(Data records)
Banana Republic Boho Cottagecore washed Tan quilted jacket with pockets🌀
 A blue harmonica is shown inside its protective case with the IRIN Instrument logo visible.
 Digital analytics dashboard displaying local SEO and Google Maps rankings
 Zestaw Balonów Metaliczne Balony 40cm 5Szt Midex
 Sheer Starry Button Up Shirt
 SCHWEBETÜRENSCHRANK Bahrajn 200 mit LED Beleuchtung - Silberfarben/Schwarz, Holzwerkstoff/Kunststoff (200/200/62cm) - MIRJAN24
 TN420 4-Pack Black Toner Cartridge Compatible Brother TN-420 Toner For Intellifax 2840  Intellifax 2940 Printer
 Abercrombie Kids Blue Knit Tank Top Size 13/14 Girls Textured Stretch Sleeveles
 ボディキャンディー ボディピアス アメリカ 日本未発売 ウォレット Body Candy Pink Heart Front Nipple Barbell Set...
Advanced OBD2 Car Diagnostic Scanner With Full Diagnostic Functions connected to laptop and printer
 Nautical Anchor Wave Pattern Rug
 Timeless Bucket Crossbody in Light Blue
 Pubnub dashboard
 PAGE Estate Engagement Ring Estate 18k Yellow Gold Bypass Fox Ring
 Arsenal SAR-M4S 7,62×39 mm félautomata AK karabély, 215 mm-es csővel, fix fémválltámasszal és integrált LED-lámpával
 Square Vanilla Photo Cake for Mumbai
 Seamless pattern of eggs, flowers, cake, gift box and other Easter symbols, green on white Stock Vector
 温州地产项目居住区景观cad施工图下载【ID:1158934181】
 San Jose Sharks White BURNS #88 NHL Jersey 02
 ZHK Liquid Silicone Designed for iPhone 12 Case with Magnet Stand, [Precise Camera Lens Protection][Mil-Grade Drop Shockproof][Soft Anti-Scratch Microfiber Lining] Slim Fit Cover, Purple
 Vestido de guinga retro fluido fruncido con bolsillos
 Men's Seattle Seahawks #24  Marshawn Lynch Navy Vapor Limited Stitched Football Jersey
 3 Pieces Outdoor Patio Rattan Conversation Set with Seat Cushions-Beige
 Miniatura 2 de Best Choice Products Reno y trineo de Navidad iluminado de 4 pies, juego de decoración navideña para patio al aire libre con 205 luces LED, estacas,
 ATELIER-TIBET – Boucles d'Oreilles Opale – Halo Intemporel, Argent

_WHAT YOU HAVE TO DO:_
Retype exactly, and only, the lines from the line holding "San Jose Sharks" through the last line of the data; both of those lines count.

_EXERCISE SOLUTION:_
 San Jose Sharks White BURNS #88 NHL Jersey 02
 ZHK Liquid Silicone Designed for iPhone 12 Case with Magnet Stand, [Precise Camera Lens Protection][Mil-Grade Drop Shockproof][Soft Anti-Scratch Microfiber Lining] Slim Fit Cover, Purple
 Vestido de guinga retro fluido fruncido con bolsillos
 Men's Seattle Seahawks #24  Marshawn Lynch Navy Vapor Limited Stitched Football Jersey
 3 Pieces Outdoor Patio Rattan Conversation Set with Seat Cushions-Beige
 Miniatura 2 de Best Choice Products Reno y trineo de Navidad iluminado de 4 pies, juego de decoración navideña para patio al aire libre con 205 luces LED, estacas,
 ATELIER-TIBET – Boucles d'Oreilles Opale – Halo Intemporel, Argent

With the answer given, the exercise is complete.